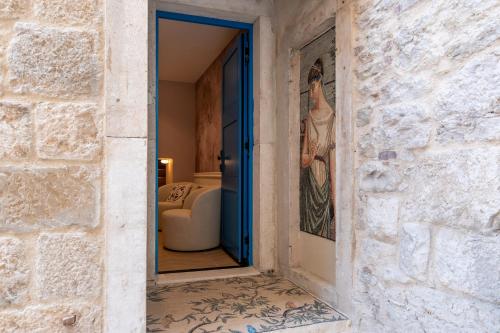 a doorway into a room with a couch and a mirror at Agava Design Residence in Split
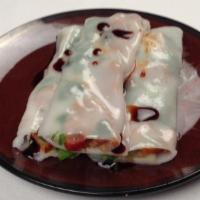 Rice Roll Noodle With Barbeque Pork 叉烧腸粉  · Minced barbequed pork wrapped in rice noodles then steamed, served with sweetened soy sauce ...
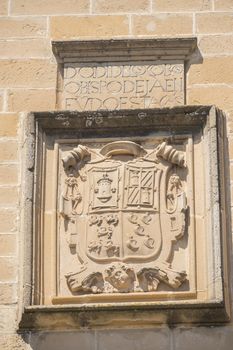 Stone shield on the main facade of the Hospital de Santiago, Ubeda, Jaen, Spain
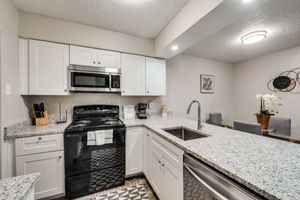 Modern kitchen with white cabinets, a black stove, and microwave. Countertops are covered in light gray speckled granite. Stainless steel sink with a sleek faucet, and a dining area in the background featuring a table with gray chairs and a decorative plant. Bright lighting enhances the space.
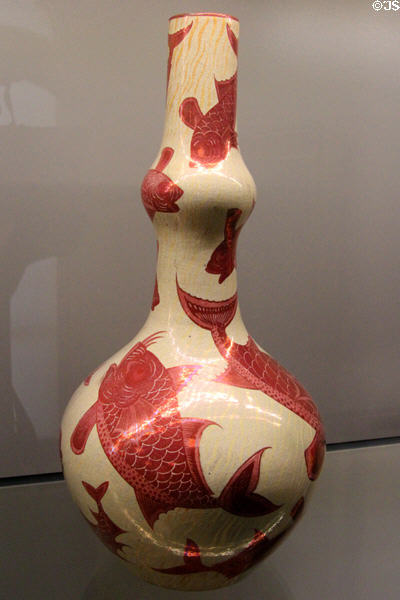 Ruby lustre fish bottle (1888-1897) by Charles Passenger for William De Morgan at Ashmolean Museum. Oxford, England.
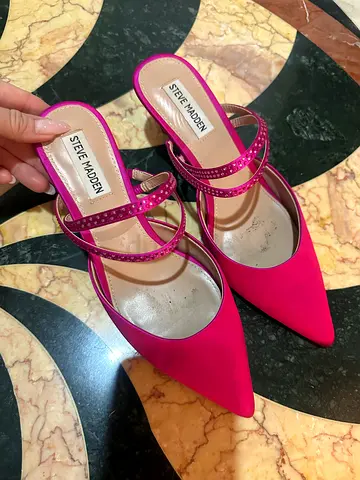 Pink high-heeled shoes with signs of wear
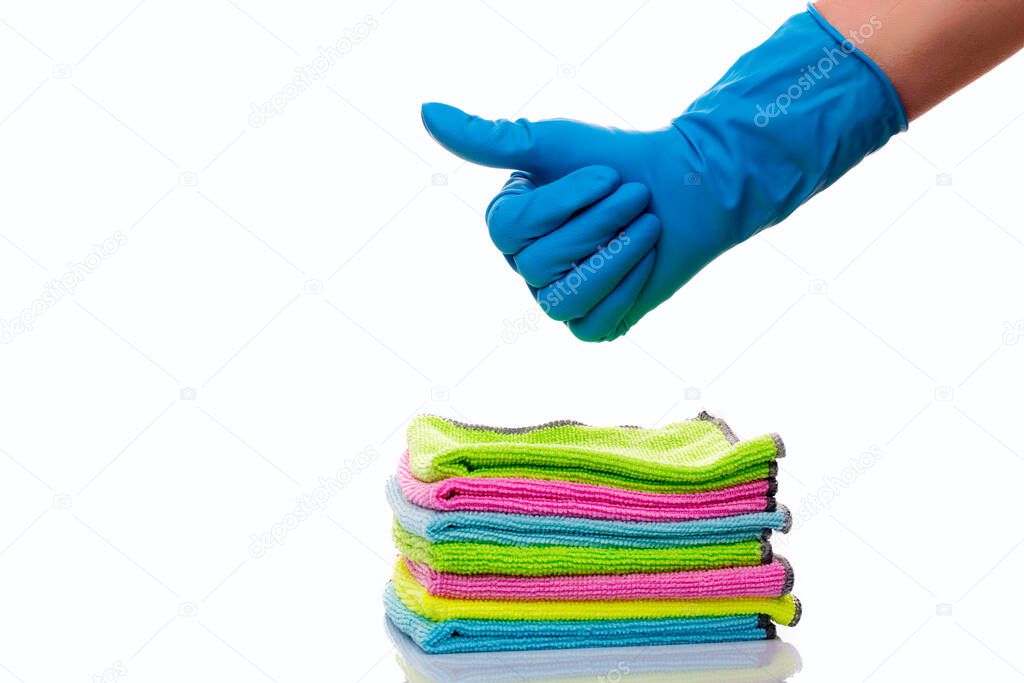 approval of the selected material for cleaning, hands in blue gloves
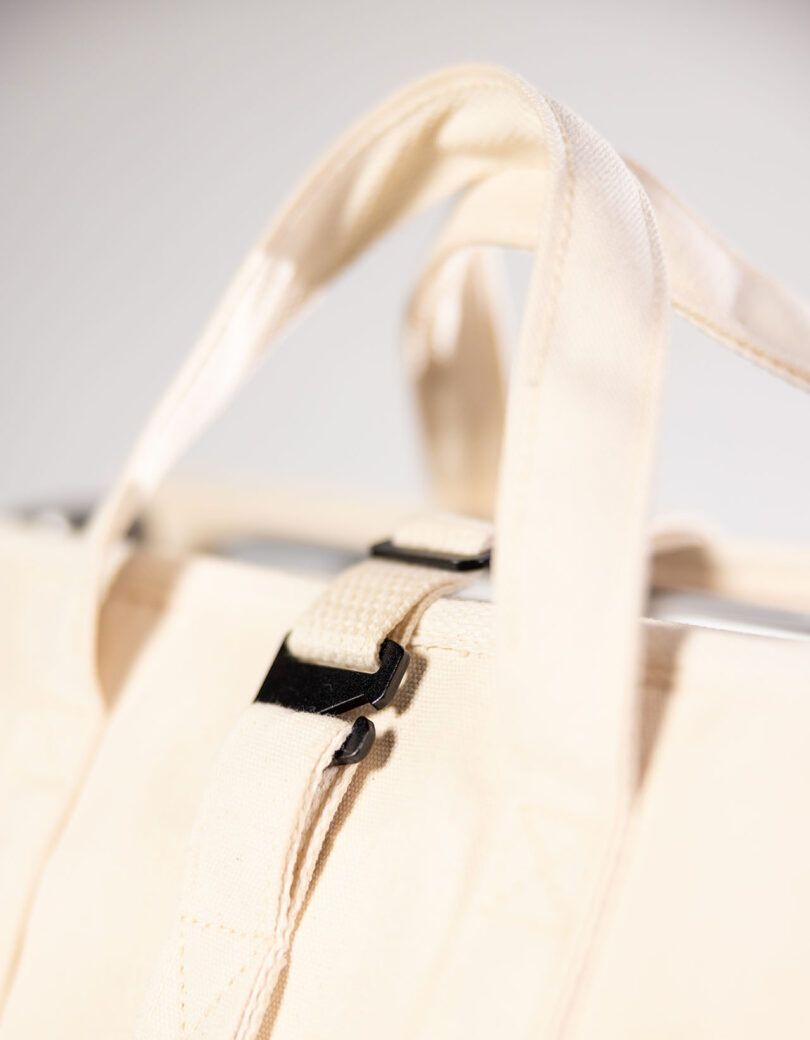 Close-up of a beige bag, featuring a sleek metal buckle.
- - - -
**THE TASK**
Copy each line of the records precisely and drop any images they hold.

**ANSWER SECTION**
 a doorway into a room with a couch and a mirror at Agava Design Residence in Split
 Rice Roll Noodle With Barbeque Pork 叉烧腸粉  · Minced barbequed pork wrapped in rice noodles then steamed, served with sweetened soy sauce ...
 Stone shield on the main facade of the Hospital de Santiago, Ubeda, Jaen, Spain
 Modern kitchen with white cabinets, a black stove, and microwave. Countertops are covered in light gray speckled granite. Stainless steel sink with a sleek faucet, and a dining area in the background featuring a table with gray chairs and a decorative plant. Bright lighting enhances the space.
 Ruby lustre fish bottle (1888-1897) by Charles Passenger for William De Morgan at Ashmolean Museum. Oxford, England.
 Pink high-heeled shoes with signs of wear
 approval of the selected material for cleaning, hands in blue gloves
 Close-up of a beige bag, featuring a sleek metal buckle.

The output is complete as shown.